═════ EXTRACTED DATA

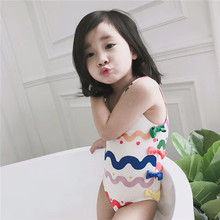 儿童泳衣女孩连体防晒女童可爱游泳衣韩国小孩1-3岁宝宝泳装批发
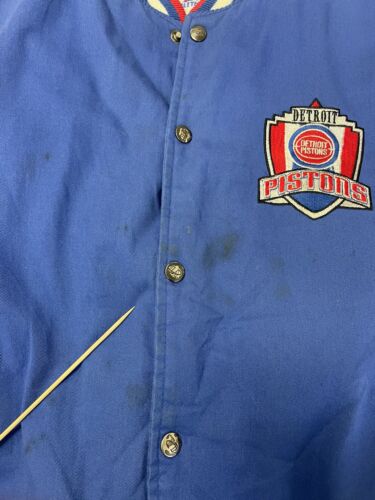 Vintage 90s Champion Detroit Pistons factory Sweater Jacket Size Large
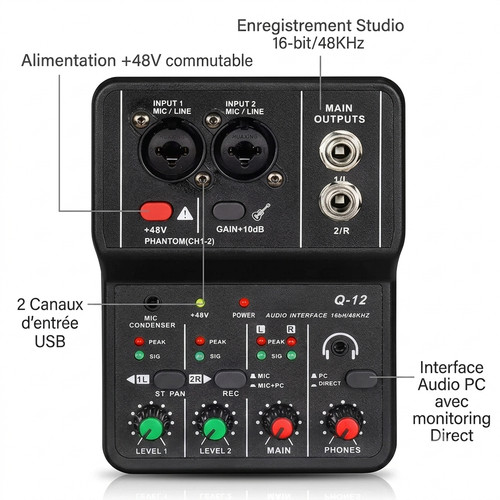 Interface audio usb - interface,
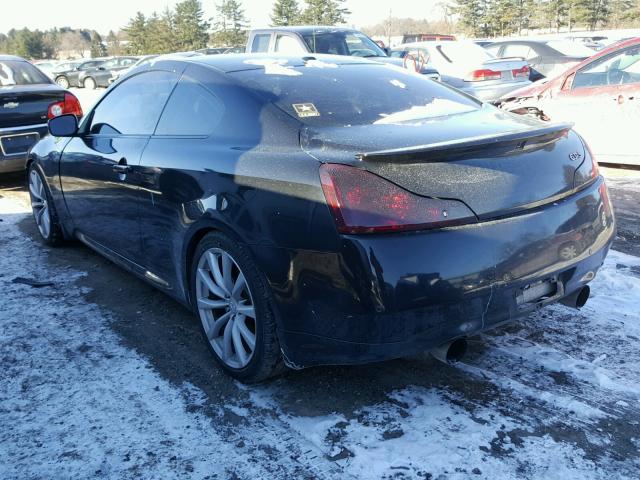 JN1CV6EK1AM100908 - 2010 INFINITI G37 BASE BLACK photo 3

══════════
═════ EXTRACTED DATA

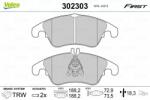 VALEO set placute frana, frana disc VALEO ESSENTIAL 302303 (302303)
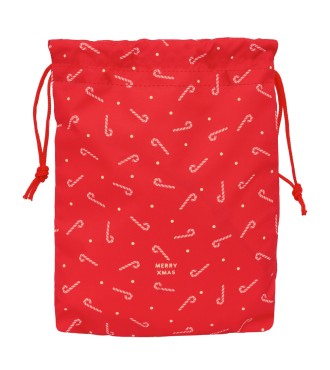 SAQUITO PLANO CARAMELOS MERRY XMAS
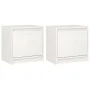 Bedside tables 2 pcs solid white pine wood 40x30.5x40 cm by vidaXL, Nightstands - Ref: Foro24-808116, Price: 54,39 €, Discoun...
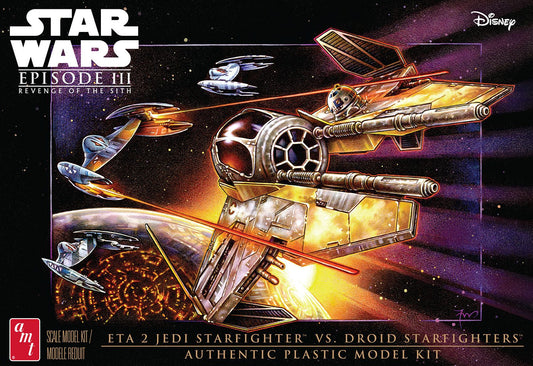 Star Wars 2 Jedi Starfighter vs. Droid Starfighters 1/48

══════════

__WORK REQUIRED__. Your answer should consist of the lines above between those holding "Bedside tables 2" and "Star Wars 2", inclusive, reproduced word for word and without pictures.

__TASK RESPONSE__.
 Bedside tables 2 pcs solid white pine wood 40x30.5x40 cm by vidaXL, Nightstands - Ref: Foro24-808116, Price: 54,39 €, Discoun...
 Star Wars 2 Jedi Starfighter vs. Droid Starfighters 1/48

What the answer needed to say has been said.